In one ironic note, Dresden’s only conceivable military target — its railroad yards — was ignored by Allied bombers. They were too busy concentrating on helpless old men, women and children.

If ever there was a war crime, then certainly the Dresden Holocaust ranks as the most sordid one of all time.
Yet there are no movies made today condemning this fiendish slaughter; nor did any Allied airman–or Sir Winston–sit in the dock at Nuremberg.
In fact, the Dresden airmen were actually awarded medals for their role in this mass murder. But, of course, they could not have been tried, because there were “only following orders.”

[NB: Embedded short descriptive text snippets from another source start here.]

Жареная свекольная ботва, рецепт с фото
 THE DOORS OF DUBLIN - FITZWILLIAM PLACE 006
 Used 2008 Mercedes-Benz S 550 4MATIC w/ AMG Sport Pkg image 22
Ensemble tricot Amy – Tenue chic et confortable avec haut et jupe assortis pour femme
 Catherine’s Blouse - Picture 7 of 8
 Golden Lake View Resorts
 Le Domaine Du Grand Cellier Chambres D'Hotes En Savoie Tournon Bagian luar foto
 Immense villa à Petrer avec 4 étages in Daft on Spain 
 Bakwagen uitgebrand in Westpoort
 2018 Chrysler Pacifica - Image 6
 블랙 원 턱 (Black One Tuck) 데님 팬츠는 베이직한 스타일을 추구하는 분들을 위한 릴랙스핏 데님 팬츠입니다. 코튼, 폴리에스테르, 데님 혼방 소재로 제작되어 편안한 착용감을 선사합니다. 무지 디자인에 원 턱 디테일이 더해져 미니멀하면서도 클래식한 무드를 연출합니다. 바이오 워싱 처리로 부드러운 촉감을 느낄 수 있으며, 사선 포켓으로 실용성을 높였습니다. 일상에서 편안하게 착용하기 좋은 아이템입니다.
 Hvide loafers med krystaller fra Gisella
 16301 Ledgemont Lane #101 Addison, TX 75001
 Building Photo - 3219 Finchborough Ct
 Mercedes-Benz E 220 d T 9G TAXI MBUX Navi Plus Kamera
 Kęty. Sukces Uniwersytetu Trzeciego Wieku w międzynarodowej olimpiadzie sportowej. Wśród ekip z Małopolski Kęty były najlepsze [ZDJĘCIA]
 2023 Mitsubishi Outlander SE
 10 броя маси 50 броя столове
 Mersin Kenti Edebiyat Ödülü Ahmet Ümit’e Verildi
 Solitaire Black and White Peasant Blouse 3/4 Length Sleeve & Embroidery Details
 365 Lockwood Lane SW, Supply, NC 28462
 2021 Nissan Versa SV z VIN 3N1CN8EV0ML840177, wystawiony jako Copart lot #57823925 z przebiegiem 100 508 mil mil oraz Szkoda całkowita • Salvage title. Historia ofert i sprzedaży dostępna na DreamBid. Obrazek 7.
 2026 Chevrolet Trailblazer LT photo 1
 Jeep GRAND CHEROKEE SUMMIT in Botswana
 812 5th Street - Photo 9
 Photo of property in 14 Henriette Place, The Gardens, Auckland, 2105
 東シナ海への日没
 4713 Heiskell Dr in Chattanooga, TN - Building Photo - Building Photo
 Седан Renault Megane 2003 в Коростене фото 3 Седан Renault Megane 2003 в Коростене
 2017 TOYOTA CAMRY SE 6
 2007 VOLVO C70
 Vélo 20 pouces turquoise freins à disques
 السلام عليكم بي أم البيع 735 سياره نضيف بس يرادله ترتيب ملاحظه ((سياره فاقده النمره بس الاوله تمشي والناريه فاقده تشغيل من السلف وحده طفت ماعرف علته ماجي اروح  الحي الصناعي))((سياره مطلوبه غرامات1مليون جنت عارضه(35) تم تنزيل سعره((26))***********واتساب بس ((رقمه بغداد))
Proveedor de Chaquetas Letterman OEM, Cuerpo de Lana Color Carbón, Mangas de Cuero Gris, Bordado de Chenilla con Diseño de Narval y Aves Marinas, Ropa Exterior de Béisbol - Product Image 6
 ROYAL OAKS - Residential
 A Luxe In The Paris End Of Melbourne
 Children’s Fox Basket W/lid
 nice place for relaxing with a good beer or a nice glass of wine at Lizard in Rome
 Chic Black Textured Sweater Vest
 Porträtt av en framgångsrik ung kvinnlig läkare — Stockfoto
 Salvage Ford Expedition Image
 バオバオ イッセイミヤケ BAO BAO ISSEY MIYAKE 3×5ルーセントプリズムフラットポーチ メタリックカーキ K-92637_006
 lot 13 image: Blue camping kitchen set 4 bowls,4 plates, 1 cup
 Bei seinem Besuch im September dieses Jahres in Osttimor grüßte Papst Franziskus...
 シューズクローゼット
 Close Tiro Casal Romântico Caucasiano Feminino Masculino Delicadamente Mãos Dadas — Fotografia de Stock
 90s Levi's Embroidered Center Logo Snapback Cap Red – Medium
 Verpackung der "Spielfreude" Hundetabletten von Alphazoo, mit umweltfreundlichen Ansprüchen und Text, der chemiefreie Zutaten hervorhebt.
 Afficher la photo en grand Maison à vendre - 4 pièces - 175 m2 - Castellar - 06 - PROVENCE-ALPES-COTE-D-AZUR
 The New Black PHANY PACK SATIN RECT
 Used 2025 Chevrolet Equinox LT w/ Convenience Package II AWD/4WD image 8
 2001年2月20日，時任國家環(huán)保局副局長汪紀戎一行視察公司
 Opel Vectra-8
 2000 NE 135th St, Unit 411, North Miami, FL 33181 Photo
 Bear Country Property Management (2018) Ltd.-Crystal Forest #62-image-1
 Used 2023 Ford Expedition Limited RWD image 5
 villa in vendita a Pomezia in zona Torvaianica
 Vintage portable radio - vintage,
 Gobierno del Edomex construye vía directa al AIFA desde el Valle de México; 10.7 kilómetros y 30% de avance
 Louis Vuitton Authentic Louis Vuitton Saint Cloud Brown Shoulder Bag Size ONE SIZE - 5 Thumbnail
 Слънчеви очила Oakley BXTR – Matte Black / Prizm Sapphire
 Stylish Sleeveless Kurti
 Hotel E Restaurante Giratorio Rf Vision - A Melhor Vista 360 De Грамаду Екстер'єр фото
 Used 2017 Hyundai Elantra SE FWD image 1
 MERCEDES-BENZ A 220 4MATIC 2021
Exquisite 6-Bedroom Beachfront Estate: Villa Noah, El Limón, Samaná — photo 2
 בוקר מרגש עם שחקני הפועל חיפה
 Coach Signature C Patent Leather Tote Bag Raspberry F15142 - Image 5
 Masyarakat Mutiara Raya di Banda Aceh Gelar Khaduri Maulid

This is not to say that the mountains of corpses left in Dresden were ignored by the Nuremberg Tribunal. In one final irony, the prosecution presented photographs of the Dresden dead as “evidence” of alleged National Socialist atrocities against Jewish concentration-camp inmates!

Churchill, the monster who ordered the Dresden slaughter, was knighted, and the rest is history.
The cold-blooded sadism of the massacre, however, is brushed aside by his biographers, who still cannot bring themselves to tell how the desire of one madman to “impress” another one let to the mass murder of up to a half million men, women and children.